A rise in rates would then lead, under the current dominant vision, to public expenditure reduction programmes. Transition investments would be strongly affected:

  • Austerity programmes are, historically speaking, always « homothetic » and will not spare transition spending;
  • Rising interest rates will lead private stakeholders to reduce their investments with the lowest or riskiest returns; this is generally the case for transition investments;
  • This will be even more the case for households which purchasing power is being eroded by inflation and especially by the energy prices increase;
  • The State will have less capacity to support their efforts and will have even less margin to install a carbon price signal without risking strong political and social opposition….

It is therefore feared that both inflation and the policy toolbox usually used against it will be highly detrimental to the green transition.

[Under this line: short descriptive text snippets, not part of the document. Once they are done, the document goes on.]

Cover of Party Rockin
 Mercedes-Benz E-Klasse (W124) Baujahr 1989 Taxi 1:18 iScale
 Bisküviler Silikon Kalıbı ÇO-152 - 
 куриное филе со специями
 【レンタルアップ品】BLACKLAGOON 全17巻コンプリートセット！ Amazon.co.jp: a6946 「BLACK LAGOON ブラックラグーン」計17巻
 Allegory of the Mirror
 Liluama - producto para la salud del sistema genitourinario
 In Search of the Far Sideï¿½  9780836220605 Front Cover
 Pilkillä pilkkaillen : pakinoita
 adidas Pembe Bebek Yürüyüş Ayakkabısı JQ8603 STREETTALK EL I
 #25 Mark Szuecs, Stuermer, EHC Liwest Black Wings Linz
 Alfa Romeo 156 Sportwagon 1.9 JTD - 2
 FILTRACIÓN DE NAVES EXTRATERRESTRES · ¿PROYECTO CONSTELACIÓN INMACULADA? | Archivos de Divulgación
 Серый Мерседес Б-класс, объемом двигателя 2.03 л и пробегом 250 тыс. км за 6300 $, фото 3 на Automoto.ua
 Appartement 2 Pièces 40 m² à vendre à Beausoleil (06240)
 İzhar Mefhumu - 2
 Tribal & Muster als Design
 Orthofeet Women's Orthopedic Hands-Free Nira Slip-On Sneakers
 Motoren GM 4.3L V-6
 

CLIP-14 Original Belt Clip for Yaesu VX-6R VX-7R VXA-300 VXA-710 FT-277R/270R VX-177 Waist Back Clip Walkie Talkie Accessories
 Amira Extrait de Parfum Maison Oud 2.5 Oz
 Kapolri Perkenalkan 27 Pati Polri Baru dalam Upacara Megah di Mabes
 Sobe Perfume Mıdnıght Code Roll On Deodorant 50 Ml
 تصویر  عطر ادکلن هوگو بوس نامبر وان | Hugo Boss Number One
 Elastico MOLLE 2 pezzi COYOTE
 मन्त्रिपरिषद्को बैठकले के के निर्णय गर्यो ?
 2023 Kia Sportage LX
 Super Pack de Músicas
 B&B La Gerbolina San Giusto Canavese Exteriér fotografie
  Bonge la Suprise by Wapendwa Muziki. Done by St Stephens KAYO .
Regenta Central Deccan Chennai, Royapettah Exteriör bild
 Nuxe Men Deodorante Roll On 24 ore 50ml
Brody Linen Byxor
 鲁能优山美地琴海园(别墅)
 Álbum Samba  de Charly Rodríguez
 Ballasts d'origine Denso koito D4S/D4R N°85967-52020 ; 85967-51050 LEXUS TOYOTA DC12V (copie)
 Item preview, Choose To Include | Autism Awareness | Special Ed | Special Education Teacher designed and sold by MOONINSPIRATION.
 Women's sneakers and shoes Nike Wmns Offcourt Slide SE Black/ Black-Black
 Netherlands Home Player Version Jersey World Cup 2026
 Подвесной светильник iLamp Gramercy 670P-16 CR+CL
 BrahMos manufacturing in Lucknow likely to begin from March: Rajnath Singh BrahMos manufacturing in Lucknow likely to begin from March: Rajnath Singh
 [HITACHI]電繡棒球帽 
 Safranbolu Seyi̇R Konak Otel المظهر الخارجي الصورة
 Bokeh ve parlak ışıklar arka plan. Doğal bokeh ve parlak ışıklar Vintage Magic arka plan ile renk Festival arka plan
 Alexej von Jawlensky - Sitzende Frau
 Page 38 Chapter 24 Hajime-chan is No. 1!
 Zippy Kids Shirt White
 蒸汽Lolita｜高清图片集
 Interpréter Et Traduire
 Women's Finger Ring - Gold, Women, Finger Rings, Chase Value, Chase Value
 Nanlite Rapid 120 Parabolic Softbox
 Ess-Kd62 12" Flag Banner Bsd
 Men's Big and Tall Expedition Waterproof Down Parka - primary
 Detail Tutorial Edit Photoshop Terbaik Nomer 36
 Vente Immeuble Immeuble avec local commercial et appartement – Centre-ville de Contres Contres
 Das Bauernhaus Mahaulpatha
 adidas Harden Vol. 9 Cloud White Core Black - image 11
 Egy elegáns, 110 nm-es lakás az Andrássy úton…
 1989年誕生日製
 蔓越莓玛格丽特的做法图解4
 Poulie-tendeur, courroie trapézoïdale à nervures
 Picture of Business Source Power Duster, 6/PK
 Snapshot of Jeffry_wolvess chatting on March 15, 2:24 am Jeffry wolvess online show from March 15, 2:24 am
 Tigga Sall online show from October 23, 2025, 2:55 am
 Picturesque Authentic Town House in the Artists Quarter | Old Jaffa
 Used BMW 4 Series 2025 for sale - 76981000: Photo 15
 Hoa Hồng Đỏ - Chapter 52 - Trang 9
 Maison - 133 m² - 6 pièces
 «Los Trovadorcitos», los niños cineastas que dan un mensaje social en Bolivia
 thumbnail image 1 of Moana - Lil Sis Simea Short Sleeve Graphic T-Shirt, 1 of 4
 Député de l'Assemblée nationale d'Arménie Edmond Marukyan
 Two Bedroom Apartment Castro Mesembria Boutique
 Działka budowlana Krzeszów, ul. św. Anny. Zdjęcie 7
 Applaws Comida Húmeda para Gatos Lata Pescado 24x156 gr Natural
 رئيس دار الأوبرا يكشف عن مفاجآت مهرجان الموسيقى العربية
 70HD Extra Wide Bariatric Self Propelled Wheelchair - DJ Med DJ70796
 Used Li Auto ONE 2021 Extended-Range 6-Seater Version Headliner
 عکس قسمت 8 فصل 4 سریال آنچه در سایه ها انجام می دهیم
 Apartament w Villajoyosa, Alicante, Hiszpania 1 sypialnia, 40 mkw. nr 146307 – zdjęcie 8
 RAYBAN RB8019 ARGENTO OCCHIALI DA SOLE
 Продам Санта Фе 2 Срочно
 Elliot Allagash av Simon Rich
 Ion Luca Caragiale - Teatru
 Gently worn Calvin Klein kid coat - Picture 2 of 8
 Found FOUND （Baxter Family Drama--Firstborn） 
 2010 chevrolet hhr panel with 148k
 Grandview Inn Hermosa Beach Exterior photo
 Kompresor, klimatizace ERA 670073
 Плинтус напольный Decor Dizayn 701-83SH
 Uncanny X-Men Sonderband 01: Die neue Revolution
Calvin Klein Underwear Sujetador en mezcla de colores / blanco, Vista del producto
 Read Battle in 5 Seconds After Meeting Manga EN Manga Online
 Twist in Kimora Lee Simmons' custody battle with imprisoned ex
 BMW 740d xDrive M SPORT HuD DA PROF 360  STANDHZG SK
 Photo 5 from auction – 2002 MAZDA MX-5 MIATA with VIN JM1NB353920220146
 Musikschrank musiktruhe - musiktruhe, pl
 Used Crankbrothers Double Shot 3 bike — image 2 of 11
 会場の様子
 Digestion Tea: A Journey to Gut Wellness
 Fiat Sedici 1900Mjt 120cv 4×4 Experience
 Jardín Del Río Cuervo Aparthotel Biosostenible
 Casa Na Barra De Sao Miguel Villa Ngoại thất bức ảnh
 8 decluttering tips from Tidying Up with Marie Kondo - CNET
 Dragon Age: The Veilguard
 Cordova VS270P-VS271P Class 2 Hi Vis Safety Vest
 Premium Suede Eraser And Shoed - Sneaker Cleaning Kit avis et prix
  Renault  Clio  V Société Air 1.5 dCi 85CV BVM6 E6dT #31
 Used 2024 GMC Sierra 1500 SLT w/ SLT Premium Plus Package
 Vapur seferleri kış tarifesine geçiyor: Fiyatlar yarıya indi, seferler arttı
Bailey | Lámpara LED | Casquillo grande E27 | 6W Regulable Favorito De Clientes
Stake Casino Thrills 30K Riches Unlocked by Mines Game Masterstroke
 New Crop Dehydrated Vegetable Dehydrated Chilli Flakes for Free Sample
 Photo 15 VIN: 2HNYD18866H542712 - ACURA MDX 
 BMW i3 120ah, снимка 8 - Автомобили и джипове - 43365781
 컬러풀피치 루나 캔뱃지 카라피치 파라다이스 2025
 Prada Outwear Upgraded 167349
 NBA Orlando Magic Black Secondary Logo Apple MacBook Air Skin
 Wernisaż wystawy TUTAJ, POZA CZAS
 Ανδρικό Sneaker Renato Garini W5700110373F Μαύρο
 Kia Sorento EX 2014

What to do about rising prices?

As we have seen, the rise in interest rates will not address the current causes of inflation, which are essentially the result of rising hydrocarbon prices and disruptions in international production chains, and not of a generalised internal pressure on productive capacities or wages. On the other hand, it could amplify the risk of a recession with no certain impact on prices and lead to stagflation.

What should be done then? Central banks are certainly independent, but hiding behind this principle will be hard for them if their path leads to a global recession and accusations of slowing down the fight against climate change. As always in a democracy, governments have the upper hand, provided they have the will and are well advised!

The first solution is to follow the example of the end of World War II by allowing inflation to reduce debt, which would help to put many situations in order.

However, this solution will be difficult to accept for:

  • Most vulnerable households that are hit hard by the increase in energy prices and
  • small depositors, particularly pensioners.

It would therefore be possible to combine this « solution » with targeted income increases: increases in pensions, low salaries, and social assistance (in all forms that do not encourage greater energy consumption).

The second solution is to address directly the impact and the roots of inflation:  first by helping households and companies to absorb the price shock in the short term and, at the same time, by supporting their efforts to reduce their carbon energy consumption.

In this respect, it should be noted that the « solutions » generally envisaged to reduce energy dependence on Russia (shift to LNG or other suppliers) completely miss this obvious priority. We must learn some level of sobriety and at the same time accelerate the development of low-carbon energies.

Still in the short term, we could consider the use of price controls for basic necessities (energy, electricity, basic food); in particular an electricity market reform must be conducted as soon as possible. The current system does not sufficiently protect consumers from increases in the price of fossil fuels.

Finally, in the medium term, we must do everything possible to reduce our dependence on China and large-scale exports by investing massively in Europe; more than ever we need a massive plan, as ecological issues are linked to economic (purchasing power) and geopolitical issues. To this end, we need to plan for a « mobilisation economy ». For this and more than ever, we must rethink our budgetary rules.

Compliance with the Stability and Growth Pact in its current form will reinforce the need for governments to reduce public spending of all kinds. It is essential to agree on a new European governance.

The European Central Bank could also play a decisive role in this matter: instead of raising interest rates, it should resolutely and rapidly commit itself to financing investments in the transition, whether public or private, as we have been relentlessly suggesting for years!